# Work instructions:
Count every line in the data below where "smiling" occurs, then state that number and nothing more.

# Available data:

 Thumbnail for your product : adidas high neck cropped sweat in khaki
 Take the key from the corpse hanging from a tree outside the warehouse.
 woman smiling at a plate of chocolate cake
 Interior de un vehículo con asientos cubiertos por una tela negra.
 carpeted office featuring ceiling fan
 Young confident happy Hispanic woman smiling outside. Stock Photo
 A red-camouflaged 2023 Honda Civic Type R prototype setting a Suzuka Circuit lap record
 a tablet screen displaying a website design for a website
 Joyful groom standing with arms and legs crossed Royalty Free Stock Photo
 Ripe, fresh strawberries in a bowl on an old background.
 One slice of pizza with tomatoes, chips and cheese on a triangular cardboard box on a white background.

--

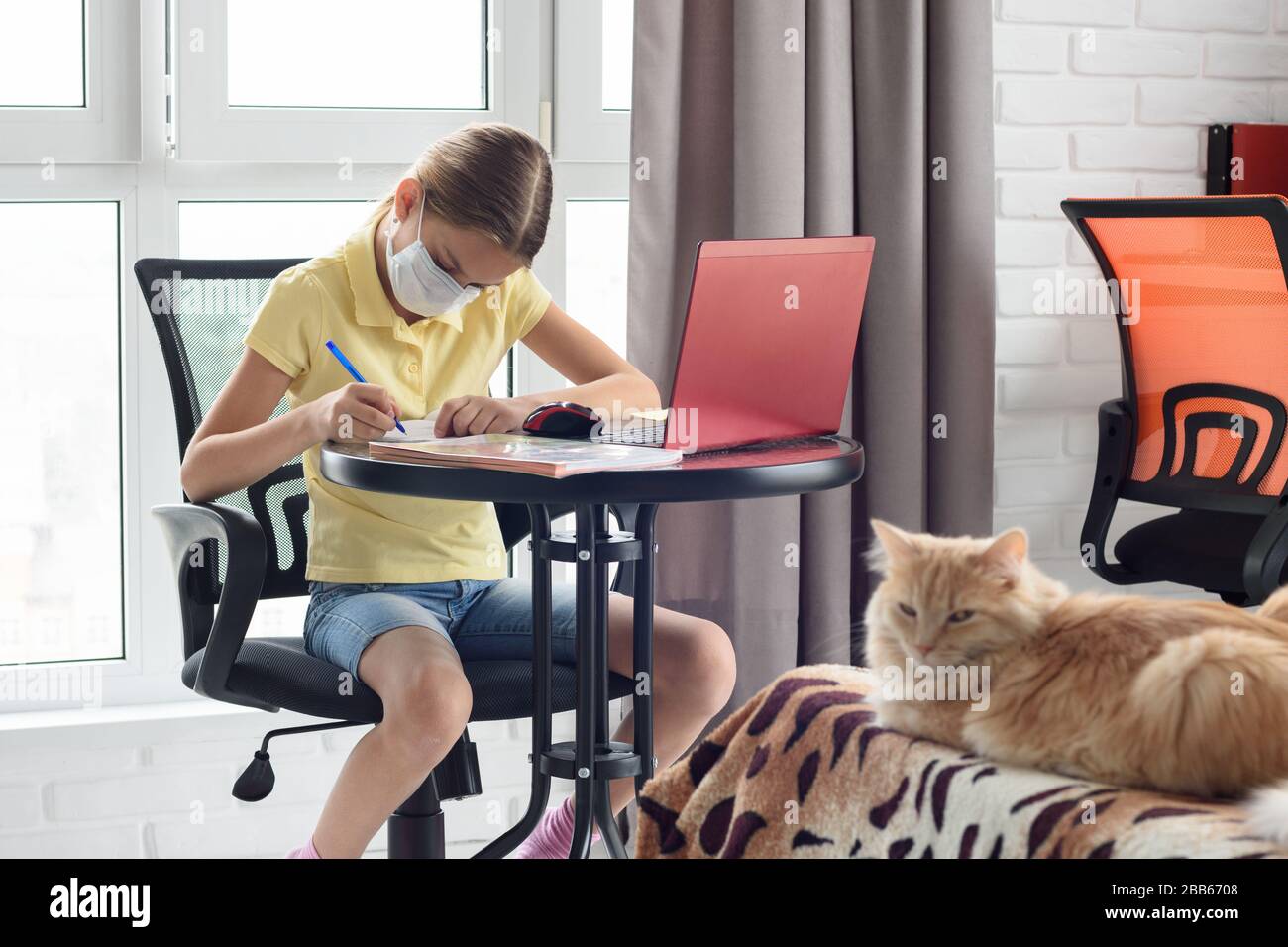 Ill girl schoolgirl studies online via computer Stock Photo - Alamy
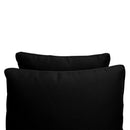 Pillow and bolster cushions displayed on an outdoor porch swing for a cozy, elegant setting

# Written response:
2